Rather than introducing a special decision step, a decision can be modeled as a checkpoint boundary:

• End the current pipeline at the decision.
• Start one pipeline per outcome branch.
• This keeps step semantics simple and makes outcomes explicit.

Operationally this adds orchestration, but it keeps the design model stable as the system grows.

Autonomy vs Consistency (TPF stance)

TPF does not treat autonomy as a default good.
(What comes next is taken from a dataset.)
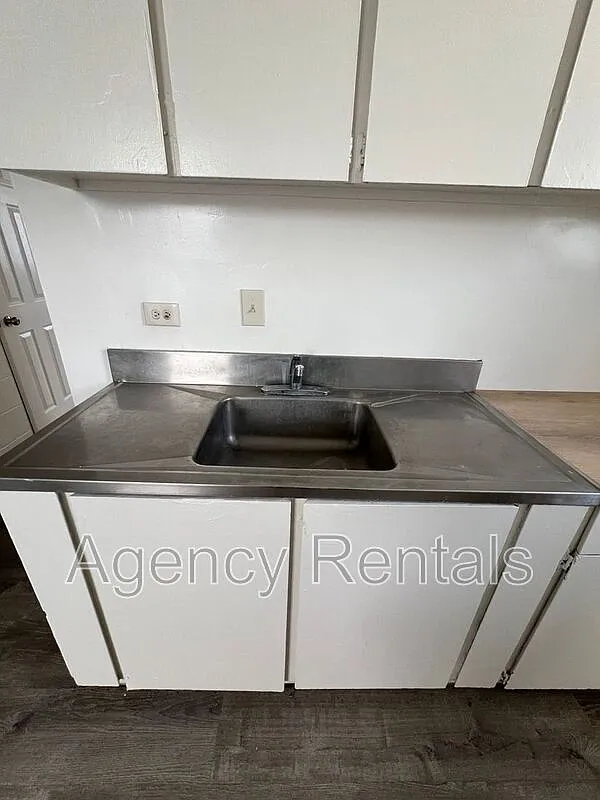 2 bed, 1.0 bath, $1,900 — Photo 4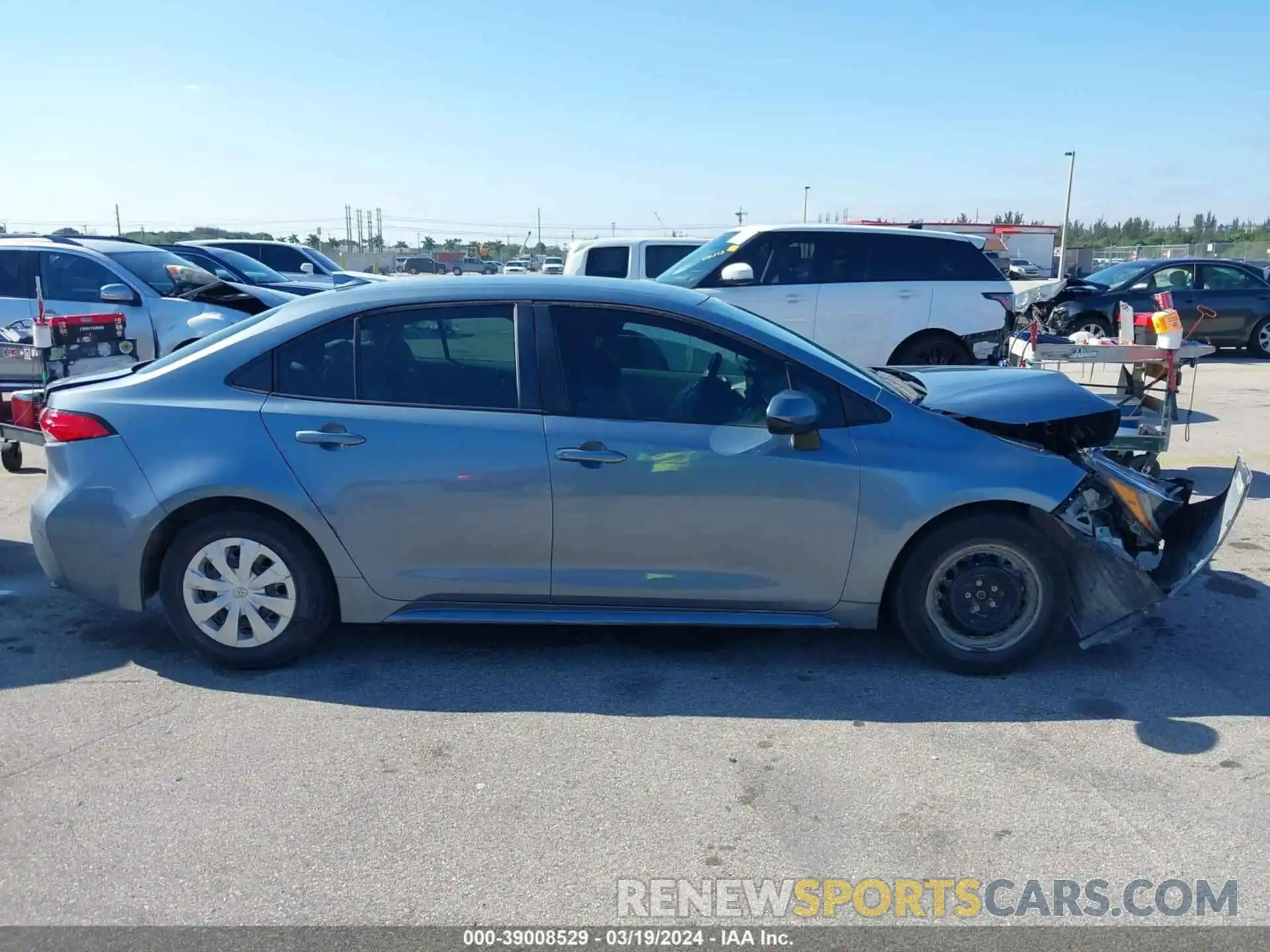 13 Photograph of a damaged car 5YFDPRAE9LP050790 TOYOTA COROLLA 2020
In a single business with a unified tech stack:

• Strong checkpoint consistency is preferred within a pipeline.
• Sync piping is preferred between pipelines when practical.
• Eventual consistency is only accepted when explicitly chosen.

This differs from FTGO (Food To Go, from Chris Richardson's Microservices Patterns) default assumptions of async sagas and autonomy-first boundaries.

CreateOrder / ApproveOrder Examples (FTGO mapping)

CreateOrder

• TPF pipeline steps: OrderRequestProcess -> OrderCreate -> OrderReady
• Each step persists its own immutable state.
• The pipeline output is the checkpoint, not a mutable aggregate.

ApproveOrder

• A separate pipeline that consumes the checkpoint and produces a new immutable state.
• If not explicitly modeled as a business pipeline step, an approval failure is treated as an operational concern (handled via retries, alerts, monitoring, etc.), whereas modeling it as a business pipeline makes it part of the business workflow and subject to business rules and compensating actions.

DDD Layering in TPF

TPF does not enforce layering. A suggested discipline:

• Domain layer: entities, value objects, domain services.
• Application layer: pipeline steps that orchestrate domain operations.
• Infrastructure layer: persistence, mappers, transports.

Current Gaps

• No explicit aggregate boundary declaration.
• No built-in enforcement of layering.
• Pipeline-to-pipeline contracts are implicit (build-time checks needed).

Planned Directions

• Handoff contracts between pipelines (explicit, build-validated).
• Traceability: built-in lineage tracking (TraceEnvelope, a planned runtime wrapper that carries a payload plus a reference to the previous item for lineage).
• Backpressure contracts across piped pipelines.
• Error sink as a first-class runtime component.
• Workflow constraints: optional guidance to keep pipelines linear or tree-like by default.
• Design diagnostics: flag risky patterns (e.g., implicit DAG joins, unbounded buffering).
• Workflow fan-out: allow sub-pipelines to branch from a step with explicit branch policies; fan-out implies controlled tree-like branching only (no joins/merges that would create general DAG topologies).
• Observers vs taps: distinguish stable checkpoint observers from mid-step taps with weak guarantees.
• Remote subscription trigger: orchestrators accept streaming input for pipeline-to-pipeline chaining.